**COLLECTED MATERIAL**:
++++++++++

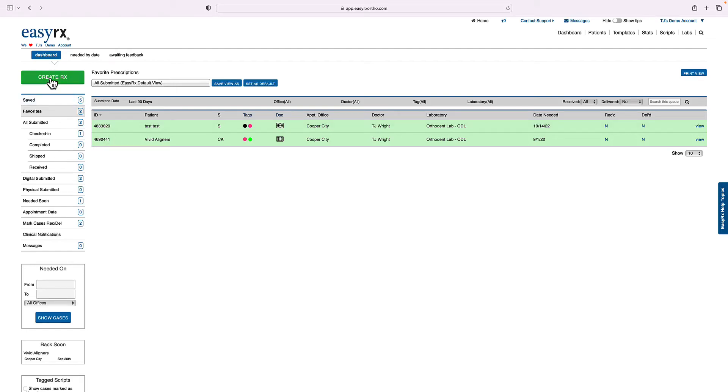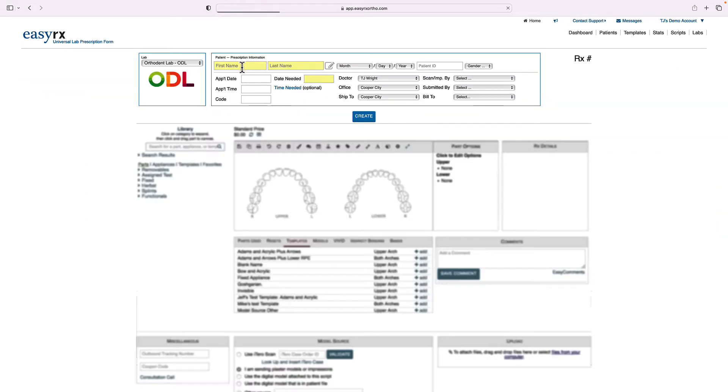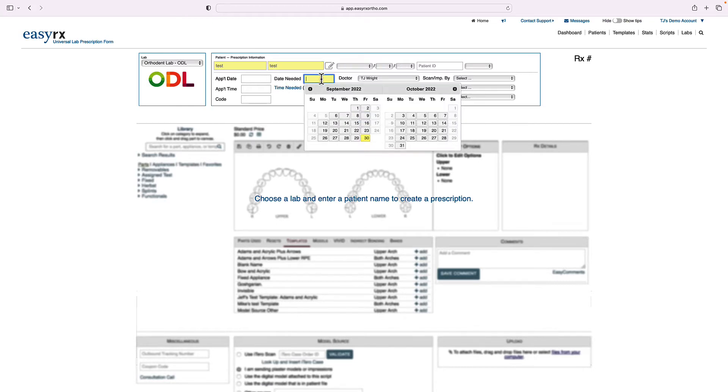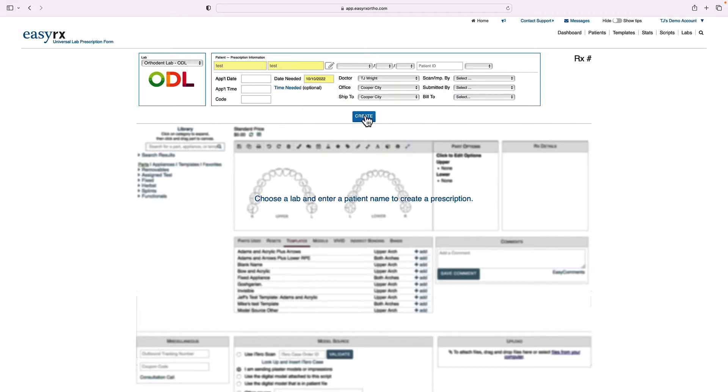Next, we're going to create a prescription for a removable Holley appliance. So back in our home screen, I'm going to click Create Rx, add in patient name and day needed. I'm going to choose a week and a day out, hit Create.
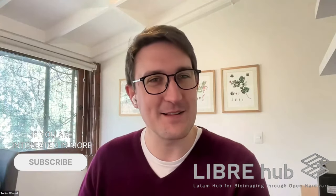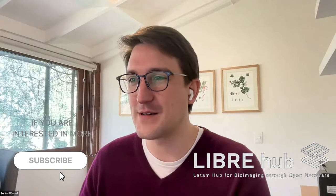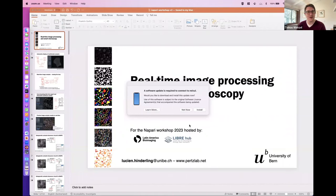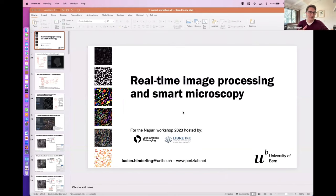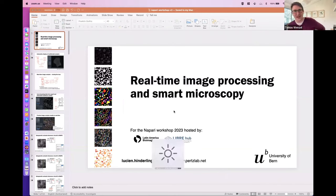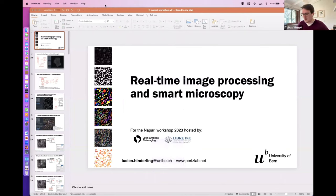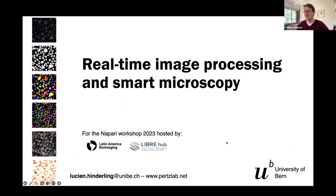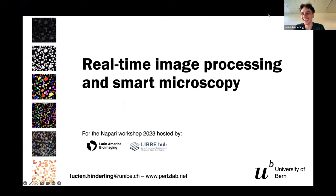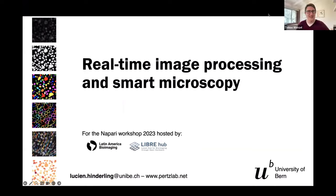We're switching gears from mainly talking about plugins to talk about how Napari can interface with the hardware environment. This relates to the hardware work of the open source instruments we're developing — the Leverhub project. I'm very excited to get to know Lucien Hinderling, as we've been interacting on Twitter but never had a chance to virtually meet. I'm very excited to hear about the cool work you're doing.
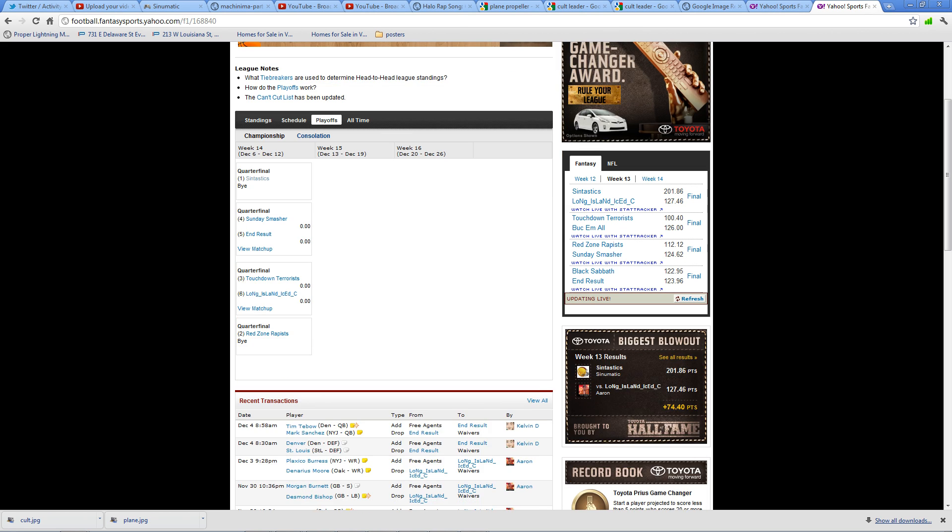I got the Toyota biggest blowout of the week. Got over 201 points in my fantasy this week. I wish I could do that when it mattered in the playoffs, but we'll see. Because I had already clinched the playoff spot anyways.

++++++++++

**WHAT TO DO**:
Copy out all the data above exactly, pictures excluded.

**SOLUTION**:
Next, we're going to create a prescription for a removable Holley appliance. So back in our home screen, I'm going to click Create Rx, add in patient name and day needed. I'm going to choose a week and a day out, hit Create.
We're switching gears from mainly talking about plugins to talk about how Napari can interface with the hardware environment. This relates to the hardware work of the open source instruments we're developing — the Leverhub project. I'm very excited to get to know Lucien Hinderling, as we've been interacting on Twitter but never had a chance to virtually meet. I'm very excited to hear about the cool work you're doing.
I got the Toyota biggest blowout of the week. Got over 201 points in my fantasy this week. I wish I could do that when it mattered in the playoffs, but we'll see. Because I had already clinched the playoff spot anyways.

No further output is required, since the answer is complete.